Beim Design gehen die Meinungen sicher auseinander. Das Retrodesign und das Kashima Coating der 36er Fox wird seine Fans haben, ebenso wie das schlichte Schwarz der Pike oder eben das Espresso-Coating der Marzocchi. Mich persönlich spricht das Design der Italienern allerdings am Ehesten an, nicht zuletzt durch den wertigen und ästhetischen Gesamteindruck des Gabelcastings mit der sehr ansehnlichen und im Unterschied zu Fox und Rock Shox zweckmäßigen Gabelbrücke. Platz 1 beim Design!
In Punkto Einstellungen kommt die Marzocchi bei mir auf einen guten zweiten Platz hinter der Pike und vor der Fox. Die Fox bietet zwar das breiteste Einstellungsspektrum, die Einstellrädchen und die Haptik waren hier für mich persönlich allerdings nicht so überzeugend, wie bei den anderen Gabeln. Die Pike liegt hier immer noch klar vorn mit einer guten Haptik, Ergonomie und Bedienbarkeit aller Elemente. Die 350NCR lässt sich jedoch gar nicht weit abhängen und überzeugt mit einem guten Remotehebel, einer zweckmäßigen Einstellmöglichkeit für die Low-Speed-Compression und einer der Pike ebenbürdigen Einstellung des Rebounds.
Im Performancevergleich schafft es die Marzocchi in meinen Augen nicht ganz mit der Fox und der Pike mitzuhalten. Alle drei Gabeln besitzen zwar ein Ansprechverhalten und eine Performance auf sehr hohem Niveau, aber Kleinigkeiten machen hier eben den Unterschied. Die Sänfte von Fox bleibt über jeden Zweifel erhaben und ist in meinen Augen bei präziser Einstellung der Federelementekönig in dieser Kategorie.

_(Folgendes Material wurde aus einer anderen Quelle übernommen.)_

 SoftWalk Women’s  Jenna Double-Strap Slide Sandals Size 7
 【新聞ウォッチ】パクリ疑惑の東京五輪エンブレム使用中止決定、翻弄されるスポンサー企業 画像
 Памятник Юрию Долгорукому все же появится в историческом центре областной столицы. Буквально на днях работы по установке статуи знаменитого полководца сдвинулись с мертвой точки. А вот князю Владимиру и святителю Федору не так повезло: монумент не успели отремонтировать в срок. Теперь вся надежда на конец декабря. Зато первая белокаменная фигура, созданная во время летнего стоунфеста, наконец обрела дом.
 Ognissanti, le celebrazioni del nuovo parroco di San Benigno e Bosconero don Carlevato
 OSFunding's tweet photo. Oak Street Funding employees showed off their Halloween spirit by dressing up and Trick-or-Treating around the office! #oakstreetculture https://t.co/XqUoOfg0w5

Die Pike zeichnet sich durch ein sensibles Ansprechverhalten aus, dass zwar auch bei Marzocchi auf hohem Niveau ist, allerdings nicht an die Pike rankommt. Hier also nur ein 3. Platz für die Italienerin. Ich kann allerdings nicht 100%ig ausschließen, dass ein Vergleichstest zu gleichen Bedingungen ein anderes Ergebnis hervorgebracht hätte. Denn die Winterbedingungen die ich der Marzocchi vorsetzen musste, können natürlich auch die Performance und mein Urteil beeinflussen.
In Bezug auf das Preis-Leistungs-Kriterium schafft es die Marzocchi auf Platz zwei. Mit einem aktuellen Strassenpreis von 809,-€ (bike-components.de) liegt sie auch hier wieder auf einem guten 2. Platz, hinter der Pike (599,-€) und vor der Fox ( 1099,-€ bzw. 1199,-€ mit TALAS-Funktion).
Fazit
Das Date mit der heißen Italienerin hat mir auf jeden Fall viel Freude bereitet. Es ist eine sehr ästhetische, wertige und gut ansprechende Gabel. Die Marzocchi ist über den Remotehebel und die weiteren Einstellrädchen gut abstimmbar und liefert eine sehr gute Performance. In unserem kurzen Wintertest, der zugegeben nicht ganz fair war, konnte sie in Punkto Ansprechverhalten jedoch nicht mit der 36er Fox und der Rock Shox Pike mithalten, auch wenn sie sich vor diesen beiden definitiv nicht verstecken muss. Gern würde ich die Gabel nochmal durch sommerliche Gefilde jagen um eine wirkliche Vergleichbarkeit zu haben. Bei meinem jetzigen Informationsstand kann ich nur sagen, dass die Gabel ihre Vorschusslorbeeren bei mir persönlich erfüllt hat, auch wenn sie die Konkurrenz nicht in Grund und Boden gefedert hat.